§ PROBLEM:
In the listing below, find the line with "视频号加热审核要多久？视频号加热后会限流吗", then repeat exactly every line from the top through that one.
━━━
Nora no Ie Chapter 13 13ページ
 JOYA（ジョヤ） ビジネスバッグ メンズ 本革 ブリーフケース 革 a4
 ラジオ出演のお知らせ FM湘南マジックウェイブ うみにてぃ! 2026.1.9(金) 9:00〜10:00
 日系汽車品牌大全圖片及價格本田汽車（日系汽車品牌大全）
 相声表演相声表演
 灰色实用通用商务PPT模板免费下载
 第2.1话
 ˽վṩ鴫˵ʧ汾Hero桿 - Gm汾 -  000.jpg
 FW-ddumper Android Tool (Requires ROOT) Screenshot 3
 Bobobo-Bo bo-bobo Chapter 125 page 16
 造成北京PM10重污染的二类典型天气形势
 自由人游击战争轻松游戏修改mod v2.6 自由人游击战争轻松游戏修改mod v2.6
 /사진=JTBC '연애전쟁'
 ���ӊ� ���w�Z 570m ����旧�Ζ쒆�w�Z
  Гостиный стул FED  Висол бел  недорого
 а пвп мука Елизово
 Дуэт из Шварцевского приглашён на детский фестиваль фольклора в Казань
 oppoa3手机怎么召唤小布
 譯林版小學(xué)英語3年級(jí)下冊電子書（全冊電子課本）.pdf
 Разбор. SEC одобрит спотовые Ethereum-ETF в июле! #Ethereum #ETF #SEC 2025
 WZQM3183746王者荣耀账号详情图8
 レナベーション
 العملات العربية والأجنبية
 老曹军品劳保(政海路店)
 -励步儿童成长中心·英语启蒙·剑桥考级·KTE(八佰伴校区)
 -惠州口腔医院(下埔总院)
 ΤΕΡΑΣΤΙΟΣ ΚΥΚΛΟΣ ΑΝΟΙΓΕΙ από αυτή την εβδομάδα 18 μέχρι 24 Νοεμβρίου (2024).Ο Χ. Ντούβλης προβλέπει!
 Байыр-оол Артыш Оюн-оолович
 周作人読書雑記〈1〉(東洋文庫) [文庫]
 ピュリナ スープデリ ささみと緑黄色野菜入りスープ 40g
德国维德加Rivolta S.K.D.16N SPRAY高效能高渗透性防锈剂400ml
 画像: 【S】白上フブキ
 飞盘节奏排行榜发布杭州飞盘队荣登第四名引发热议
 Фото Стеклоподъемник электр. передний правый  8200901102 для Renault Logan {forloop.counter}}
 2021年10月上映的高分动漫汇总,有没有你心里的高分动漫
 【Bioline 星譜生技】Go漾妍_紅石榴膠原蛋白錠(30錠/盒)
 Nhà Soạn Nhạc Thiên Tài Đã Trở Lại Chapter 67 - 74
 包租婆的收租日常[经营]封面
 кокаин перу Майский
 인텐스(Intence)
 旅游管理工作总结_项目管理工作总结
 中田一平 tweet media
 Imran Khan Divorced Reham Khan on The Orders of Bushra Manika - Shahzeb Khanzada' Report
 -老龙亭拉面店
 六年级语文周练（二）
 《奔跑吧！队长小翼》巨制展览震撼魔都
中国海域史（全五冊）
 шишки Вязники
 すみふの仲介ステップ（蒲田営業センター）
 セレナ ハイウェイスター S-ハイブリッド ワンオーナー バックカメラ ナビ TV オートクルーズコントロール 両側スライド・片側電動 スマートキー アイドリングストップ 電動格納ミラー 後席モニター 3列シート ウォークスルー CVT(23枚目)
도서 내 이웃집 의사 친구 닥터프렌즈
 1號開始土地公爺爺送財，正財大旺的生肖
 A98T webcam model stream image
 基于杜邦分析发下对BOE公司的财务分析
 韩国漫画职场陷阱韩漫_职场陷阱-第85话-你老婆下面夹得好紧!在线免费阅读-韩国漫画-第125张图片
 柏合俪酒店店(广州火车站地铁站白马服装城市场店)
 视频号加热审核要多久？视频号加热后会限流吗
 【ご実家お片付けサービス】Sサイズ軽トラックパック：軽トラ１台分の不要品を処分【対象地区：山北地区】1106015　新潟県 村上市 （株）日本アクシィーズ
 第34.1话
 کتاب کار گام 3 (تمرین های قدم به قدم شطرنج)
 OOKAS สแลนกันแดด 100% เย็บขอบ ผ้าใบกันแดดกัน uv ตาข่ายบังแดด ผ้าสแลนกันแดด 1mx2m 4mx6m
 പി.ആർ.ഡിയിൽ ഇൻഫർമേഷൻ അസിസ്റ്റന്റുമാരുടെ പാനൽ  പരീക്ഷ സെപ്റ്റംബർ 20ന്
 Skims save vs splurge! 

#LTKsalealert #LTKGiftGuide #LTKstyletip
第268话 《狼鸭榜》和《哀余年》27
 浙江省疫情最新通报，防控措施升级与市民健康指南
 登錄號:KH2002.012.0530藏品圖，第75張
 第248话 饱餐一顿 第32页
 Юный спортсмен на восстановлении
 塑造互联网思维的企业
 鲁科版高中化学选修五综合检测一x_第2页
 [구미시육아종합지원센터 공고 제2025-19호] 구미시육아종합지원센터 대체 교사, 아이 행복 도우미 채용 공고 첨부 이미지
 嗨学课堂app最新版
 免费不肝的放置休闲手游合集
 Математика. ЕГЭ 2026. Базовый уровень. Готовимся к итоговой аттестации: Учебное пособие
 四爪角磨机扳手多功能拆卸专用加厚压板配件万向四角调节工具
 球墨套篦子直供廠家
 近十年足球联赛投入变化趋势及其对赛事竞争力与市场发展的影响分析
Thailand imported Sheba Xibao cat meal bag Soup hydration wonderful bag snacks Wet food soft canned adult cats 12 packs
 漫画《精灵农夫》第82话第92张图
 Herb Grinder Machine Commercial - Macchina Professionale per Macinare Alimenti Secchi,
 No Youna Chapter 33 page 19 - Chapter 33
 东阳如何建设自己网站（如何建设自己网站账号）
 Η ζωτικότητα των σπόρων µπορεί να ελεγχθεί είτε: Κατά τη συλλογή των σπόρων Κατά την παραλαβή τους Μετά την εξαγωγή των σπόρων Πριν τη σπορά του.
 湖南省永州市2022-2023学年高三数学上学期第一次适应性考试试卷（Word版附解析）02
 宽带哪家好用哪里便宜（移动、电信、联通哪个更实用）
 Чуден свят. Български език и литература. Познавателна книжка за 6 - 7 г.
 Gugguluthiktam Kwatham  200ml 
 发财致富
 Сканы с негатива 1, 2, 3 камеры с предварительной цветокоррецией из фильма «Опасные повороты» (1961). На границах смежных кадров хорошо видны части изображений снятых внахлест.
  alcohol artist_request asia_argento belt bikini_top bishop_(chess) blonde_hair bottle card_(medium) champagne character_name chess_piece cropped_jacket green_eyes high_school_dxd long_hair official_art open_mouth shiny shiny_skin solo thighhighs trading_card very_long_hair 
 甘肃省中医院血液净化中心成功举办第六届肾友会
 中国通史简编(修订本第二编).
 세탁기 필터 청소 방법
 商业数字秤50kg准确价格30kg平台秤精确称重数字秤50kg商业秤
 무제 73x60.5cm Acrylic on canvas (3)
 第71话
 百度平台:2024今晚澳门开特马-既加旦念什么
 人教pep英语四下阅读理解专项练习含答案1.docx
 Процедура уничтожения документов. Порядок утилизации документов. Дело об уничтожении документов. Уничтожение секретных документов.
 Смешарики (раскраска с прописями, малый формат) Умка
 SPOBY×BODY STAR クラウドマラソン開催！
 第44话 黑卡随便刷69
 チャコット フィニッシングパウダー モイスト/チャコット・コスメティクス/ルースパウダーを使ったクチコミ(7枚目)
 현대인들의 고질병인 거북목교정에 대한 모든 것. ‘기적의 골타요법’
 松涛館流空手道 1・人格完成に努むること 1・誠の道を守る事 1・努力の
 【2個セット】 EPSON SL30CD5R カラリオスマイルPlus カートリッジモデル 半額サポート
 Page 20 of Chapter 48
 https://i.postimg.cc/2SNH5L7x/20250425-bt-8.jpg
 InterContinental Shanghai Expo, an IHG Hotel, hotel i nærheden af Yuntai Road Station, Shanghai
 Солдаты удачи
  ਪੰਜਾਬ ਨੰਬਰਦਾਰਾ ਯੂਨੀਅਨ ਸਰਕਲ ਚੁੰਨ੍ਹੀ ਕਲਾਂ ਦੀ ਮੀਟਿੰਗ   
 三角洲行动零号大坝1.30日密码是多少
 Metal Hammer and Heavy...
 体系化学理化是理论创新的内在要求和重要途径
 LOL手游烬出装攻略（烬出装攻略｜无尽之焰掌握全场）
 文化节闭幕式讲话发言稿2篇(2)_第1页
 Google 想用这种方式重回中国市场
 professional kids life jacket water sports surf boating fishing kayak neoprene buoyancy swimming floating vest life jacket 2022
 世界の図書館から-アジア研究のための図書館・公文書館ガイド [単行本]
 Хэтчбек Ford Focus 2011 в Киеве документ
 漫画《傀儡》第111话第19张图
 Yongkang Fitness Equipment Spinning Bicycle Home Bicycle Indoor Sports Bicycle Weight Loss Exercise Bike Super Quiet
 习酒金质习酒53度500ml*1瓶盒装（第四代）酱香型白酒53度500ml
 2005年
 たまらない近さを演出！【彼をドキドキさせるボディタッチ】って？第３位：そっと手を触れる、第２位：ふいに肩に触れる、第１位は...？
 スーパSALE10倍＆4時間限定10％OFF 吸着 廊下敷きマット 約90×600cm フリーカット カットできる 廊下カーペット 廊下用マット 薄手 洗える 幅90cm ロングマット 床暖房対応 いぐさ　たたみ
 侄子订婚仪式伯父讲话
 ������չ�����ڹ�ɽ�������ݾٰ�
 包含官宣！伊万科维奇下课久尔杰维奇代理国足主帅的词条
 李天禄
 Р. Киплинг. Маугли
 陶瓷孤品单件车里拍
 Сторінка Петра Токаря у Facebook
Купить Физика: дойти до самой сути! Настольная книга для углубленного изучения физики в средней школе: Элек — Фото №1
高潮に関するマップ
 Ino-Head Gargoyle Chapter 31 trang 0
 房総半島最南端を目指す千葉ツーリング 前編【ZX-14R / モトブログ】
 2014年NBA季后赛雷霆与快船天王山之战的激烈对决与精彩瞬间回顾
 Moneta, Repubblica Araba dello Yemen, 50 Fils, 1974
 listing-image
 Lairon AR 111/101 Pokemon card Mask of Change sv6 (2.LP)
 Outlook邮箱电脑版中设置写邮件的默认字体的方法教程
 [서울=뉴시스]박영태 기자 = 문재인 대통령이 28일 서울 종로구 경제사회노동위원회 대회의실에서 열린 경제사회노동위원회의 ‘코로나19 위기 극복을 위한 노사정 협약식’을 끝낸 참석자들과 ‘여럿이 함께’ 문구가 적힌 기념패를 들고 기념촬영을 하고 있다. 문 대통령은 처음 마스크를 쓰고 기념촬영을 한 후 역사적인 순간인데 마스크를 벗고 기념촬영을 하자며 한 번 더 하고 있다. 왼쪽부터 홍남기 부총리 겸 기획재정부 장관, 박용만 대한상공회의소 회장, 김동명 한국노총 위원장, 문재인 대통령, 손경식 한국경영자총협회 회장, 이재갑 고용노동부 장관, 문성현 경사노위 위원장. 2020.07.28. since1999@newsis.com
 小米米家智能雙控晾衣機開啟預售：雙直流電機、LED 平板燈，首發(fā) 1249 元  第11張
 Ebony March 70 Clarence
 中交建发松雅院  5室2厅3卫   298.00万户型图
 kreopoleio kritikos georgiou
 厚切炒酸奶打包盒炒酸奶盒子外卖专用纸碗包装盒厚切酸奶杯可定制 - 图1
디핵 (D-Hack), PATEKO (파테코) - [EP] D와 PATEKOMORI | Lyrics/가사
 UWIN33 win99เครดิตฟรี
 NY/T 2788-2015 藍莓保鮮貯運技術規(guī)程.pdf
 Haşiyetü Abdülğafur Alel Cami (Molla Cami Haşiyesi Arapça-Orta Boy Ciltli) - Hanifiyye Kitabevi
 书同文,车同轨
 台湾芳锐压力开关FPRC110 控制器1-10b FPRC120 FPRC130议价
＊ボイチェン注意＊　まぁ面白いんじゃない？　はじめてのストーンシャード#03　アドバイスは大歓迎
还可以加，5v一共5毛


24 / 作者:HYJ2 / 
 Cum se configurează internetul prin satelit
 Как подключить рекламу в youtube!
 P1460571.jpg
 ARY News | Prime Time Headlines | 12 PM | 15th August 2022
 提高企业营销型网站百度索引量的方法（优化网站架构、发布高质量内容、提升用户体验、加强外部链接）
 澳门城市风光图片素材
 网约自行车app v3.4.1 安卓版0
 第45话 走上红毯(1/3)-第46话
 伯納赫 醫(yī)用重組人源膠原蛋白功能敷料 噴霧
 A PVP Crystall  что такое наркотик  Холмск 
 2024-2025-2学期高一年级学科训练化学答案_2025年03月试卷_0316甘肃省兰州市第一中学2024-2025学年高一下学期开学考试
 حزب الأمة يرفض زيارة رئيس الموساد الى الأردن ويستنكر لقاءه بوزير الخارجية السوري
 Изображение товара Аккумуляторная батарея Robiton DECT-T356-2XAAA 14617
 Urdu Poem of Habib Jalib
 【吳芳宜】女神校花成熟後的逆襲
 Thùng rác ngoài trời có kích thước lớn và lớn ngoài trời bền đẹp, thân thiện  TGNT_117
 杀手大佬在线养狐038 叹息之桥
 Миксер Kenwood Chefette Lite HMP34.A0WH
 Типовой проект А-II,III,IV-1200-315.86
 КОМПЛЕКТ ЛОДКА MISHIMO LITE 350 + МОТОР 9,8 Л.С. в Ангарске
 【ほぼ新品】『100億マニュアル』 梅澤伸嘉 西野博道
━━━
§ OUTPUT OF THE EXERCISE:
Nora no Ie Chapter 13 13ページ
 JOYA（ジョヤ） ビジネスバッグ メンズ 本革 ブリーフケース 革 a4
 ラジオ出演のお知らせ FM湘南マジックウェイブ うみにてぃ! 2026.1.9(金) 9:00〜10:00
 日系汽車品牌大全圖片及價格本田汽車（日系汽車品牌大全）
 相声表演相声表演
 灰色实用通用商务PPT模板免费下载
 第2.1话
 ˽վṩ鴫˵ʧ汾Hero桿 - Gm汾 -  000.jpg
 FW-ddumper Android Tool (Requires ROOT) Screenshot 3
 Bobobo-Bo bo-bobo Chapter 125 page 16
 造成北京PM10重污染的二类典型天气形势
 自由人游击战争轻松游戏修改mod v2.6 自由人游击战争轻松游戏修改mod v2.6
 /사진=JTBC '연애전쟁'
 ���ӊ� ���w�Z 570m ����旧�Ζ쒆�w�Z
  Гостиный стул FED  Висол бел  недорого
 а пвп мука Елизово
 Дуэт из Шварцевского приглашён на детский фестиваль фольклора в Казань
 oppoa3手机怎么召唤小布
 譯林版小學(xué)英語3年級(jí)下冊電子書（全冊電子課本）.pdf
 Разбор. SEC одобрит спотовые Ethereum-ETF в июле! #Ethereum #ETF #SEC 2025
 WZQM3183746王者荣耀账号详情图8
 レナベーション
 العملات العربية والأجنبية
 老曹军品劳保(政海路店)
 -励步儿童成长中心·英语启蒙·剑桥考级·KTE(八佰伴校区)
 -惠州口腔医院(下埔总院)
 ΤΕΡΑΣΤΙΟΣ ΚΥΚΛΟΣ ΑΝΟΙΓΕΙ από αυτή την εβδομάδα 18 μέχρι 24 Νοεμβρίου (2024).Ο Χ. Ντούβλης προβλέπει!
 Байыр-оол Артыш Оюн-оолович
 周作人読書雑記〈1〉(東洋文庫) [文庫]
 ピュリナ スープデリ ささみと緑黄色野菜入りスープ 40g
德国维德加Rivolta S.K.D.16N SPRAY高效能高渗透性防锈剂400ml
 画像: 【S】白上フブキ
 飞盘节奏排行榜发布杭州飞盘队荣登第四名引发热议
 Фото Стеклоподъемник электр. передний правый  8200901102 для Renault Logan {forloop.counter}}
 2021年10月上映的高分动漫汇总,有没有你心里的高分动漫
 【Bioline 星譜生技】Go漾妍_紅石榴膠原蛋白錠(30錠/盒)
 Nhà Soạn Nhạc Thiên Tài Đã Trở Lại Chapter 67 - 74
 包租婆的收租日常[经营]封面
 кокаин перу Майский
 인텐스(Intence)
 旅游管理工作总结_项目管理工作总结
 中田一平 tweet media
 Imran Khan Divorced Reham Khan on The Orders of Bushra Manika - Shahzeb Khanzada' Report
 -老龙亭拉面店
 六年级语文周练（二）
 《奔跑吧！队长小翼》巨制展览震撼魔都
中国海域史（全五冊）
 шишки Вязники
 すみふの仲介ステップ（蒲田営業センター）
 セレナ ハイウェイスター S-ハイブリッド ワンオーナー バックカメラ ナビ TV オートクルーズコントロール 両側スライド・片側電動 スマートキー アイドリングストップ 電動格納ミラー 後席モニター 3列シート ウォークスルー CVT(23枚目)
도서 내 이웃집 의사 친구 닥터프렌즈
 1號開始土地公爺爺送財，正財大旺的生肖
 A98T webcam model stream image
 基于杜邦分析发下对BOE公司的财务分析
 韩国漫画职场陷阱韩漫_职场陷阱-第85话-你老婆下面夹得好紧!在线免费阅读-韩国漫画-第125张图片
 柏合俪酒店店(广州火车站地铁站白马服装城市场店)
 视频号加热审核要多久？视频号加热后会限流吗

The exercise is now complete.